How a decline in drink-driving becomes an increase

A press release from the Association of Chief Police Officers attracted a lot of attention this morning.

“Number of drink-drivers soars, with almost one in ten under 25s found to be over the limit” said the Mail online. The Independent, The Daily Telegraph, the Western Mail and Metro also picked up the story, with Metro headlining it “Shocking increase in drunk driving” (below).



This was in response to a report showing that the summer blitz on drink and drug-driving carried out by police forces in June had reported a decline in the number of positive drink tests both in all drivers, and in under 25s. (See Tables, below) An increase that’s actually a decrease certainly would be shocking.

What the press release was focussing on, of course, was not the absolute numbers of positive tests, but the rate of positives, which had edged up a bit since last year for both categories. The increases are fairly insignificant if you tabulate the results since 2006, as I have done, but the important issue to focus on is the numbers of tests done.



This year there were fewer, 88,629 compared to 100,853 in June 2010. No explanation is given for the numbers varying so much from year to year, but no doubt it depends on the enthusiasm of local police forces and perhaps also on the number of vehicles they see being driven erratically. No regional breakdown is published, and the format of these statistics varies from year to year. It was only through the help of the ACPO press office that I was able to assemble the data in the tables.

In the press release, Chief Constable Phil Gormley, ACPO lead on roads policing, explains the lower number of tests as “targeting the offending drivers more effectively”. But if you target more effectively – by focussing on drivers who are driving especially erratically or have just emerged from bars – you are going to get a higher number of positives. You cannot simultaneously be claiming to target more effectively and to have detected an increase in the rate of drunk driving. If you target more effectively you will inevitably get a higher numbers of positives, without it telling you anything useful about actual changes in the rate of driving under the influence.

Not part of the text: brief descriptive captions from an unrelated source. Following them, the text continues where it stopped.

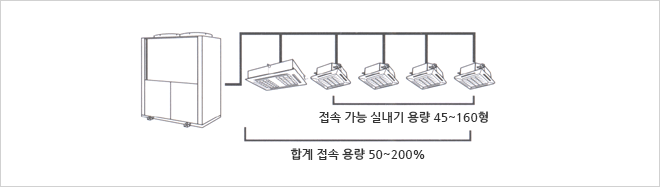 4방향 천장카세트형 시스템구성. 접속 가능 실내기 용량 45~160형. 한계 접속 용량 50~200%.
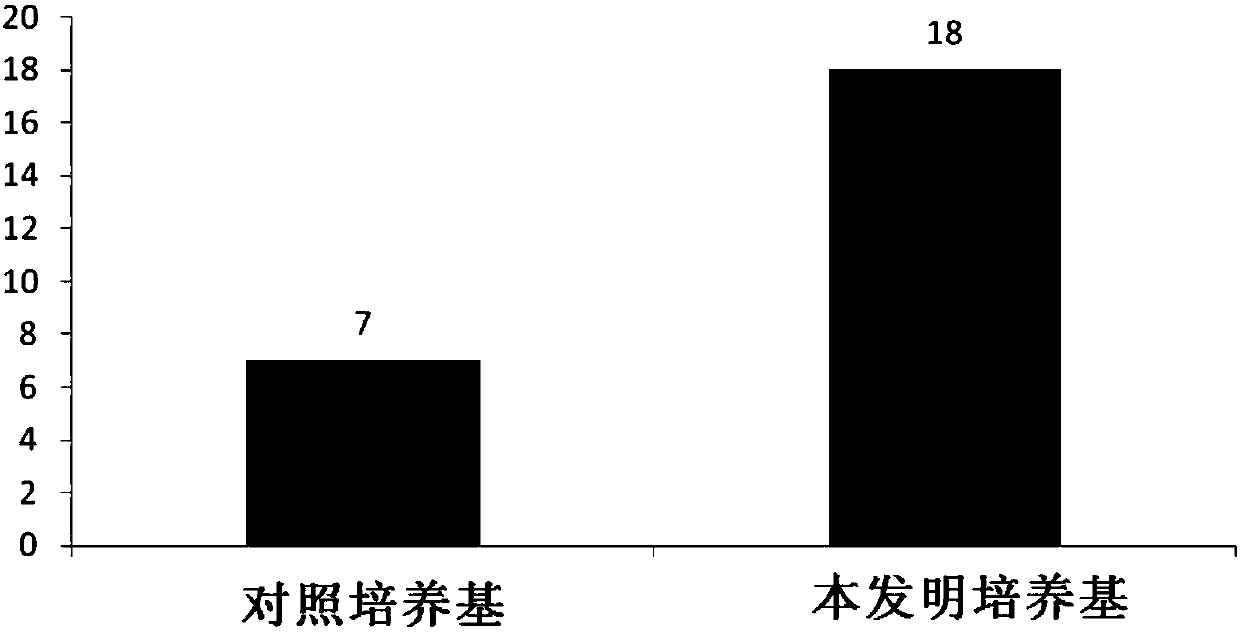 A kind of human primary cell culture medium and its application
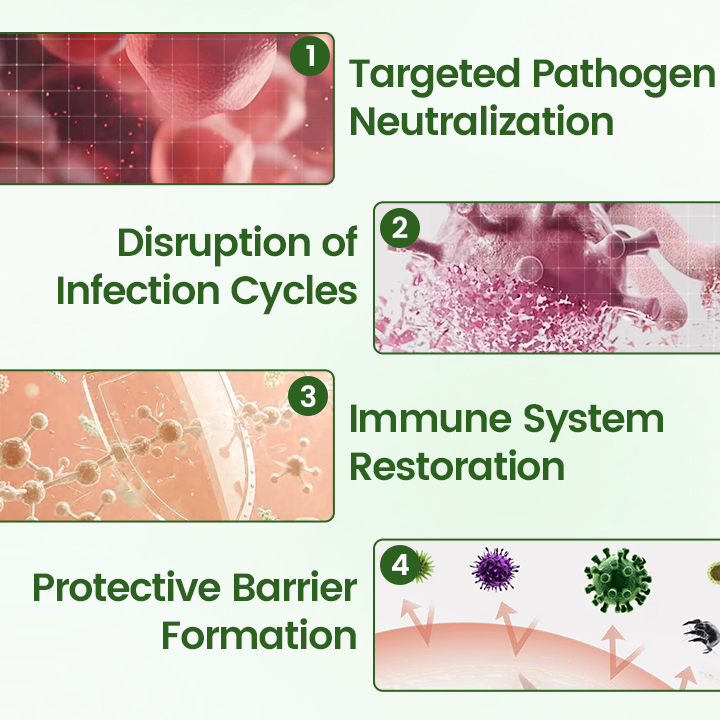 Timilk® FeminaDefend All-In-One Intimate Therapy Pads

The tables show that that, in general, the more tests are done, the lower the positive rate. They also show that 2011 was nothing remotely out of the ordinary – the rate of positive tests was much higher a few years ago. In the under 25s, the worst year for positive tests (2009, 2,036 positives) was the best year for percentage positive (5.94 per cent).

Does it matter? It’s all in the good cause of cutting drink-driving, so isn’t a bit of statistical juggling permissible for the greater good? Not on this website it’s not. People have enough on their plates without being worried by claims that driving under the influence is “soaring” when the data to justify the claim falls so far short.